I built a 9mm carbine about 10 years ago to take advantage of the much cheaper ammunition and to be able to shoot it on local indoor ranges in the Winter (handgun calibers have a much lower range fee around here.) It hasn’t gotten shot much in recent years because of the poor availability of cheap 115g RN.

So… I built a dedicated .22LR AR a few years back to take up the slack. You can see how that’s worked out for me recently. :rolleyes:

Full sympathy, Heavy D. I feel your pain; been there, done that. :slight_smile:

At the risk of stating the obvious, there are advantages to the 9mm regarding where and what you can shoot with it. A buddy and I whack steel plates with ours inside 50 yards; no cratering or backsplash. Nines remain cheap and easy to reload, and they’ll work with lead bullets.
For the OP, I’m not sure how much of a velocity increase the 16" (or 10.5" in my case) may actually produce; there should be some, but the burn rate in 9mm rounds is optimized for handguns.
All we can hope is that the current goofiness soon subsides regarding ammo.
Moon

9MM does come out hotter from longer barrels to a point, but after the first 6", its at most 30 FPS per inch, oftentimes however much less, in the 10-15 FPS per inch range.

I like my 9MM carbine, well SBR (5.5" barrel but it always has a 8" suppressor on it). Fun, quiet, reliable and accurate.
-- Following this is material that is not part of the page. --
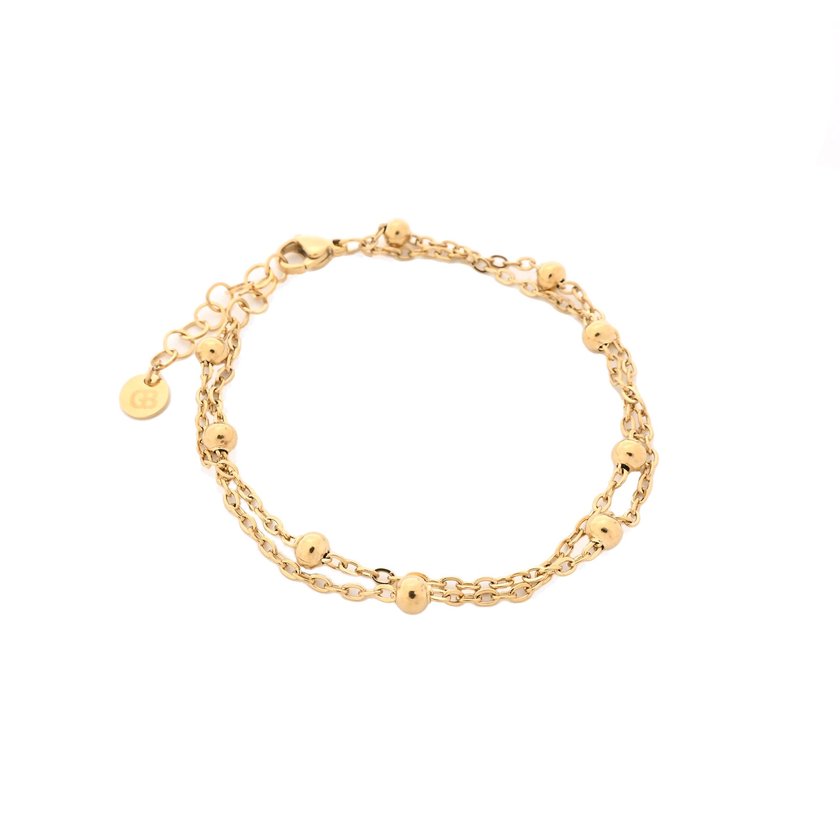 Collar básico de malla de acero con bolitas GB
Thanks for the replies, all.

I bought a 9 mm AR15 when they first came out. Mine has a standard size ejection port cover, not the short one that is on some of the newer 9 mm models. My bolt is a semi auto only and only works a short, 9 mm semi auto hammer. I’ve seen some of the newer ones that have the full auto bolt with a hole in the top to clear a standard size hammer. My 9 mm bolt has no hole in the top. The newer ones have the stronger silver hammer pin too as the 9 mm is harder on the hammer pin. The early 9 mm buffer is made of two pieces and the later ones are one piece construction. The two piece one is usually reliable in 5.56 rifles where the one piece one sometimes won’t work well with 5.56. They are the same weight but for some reason the early 9 mm buffer works better with 5.56.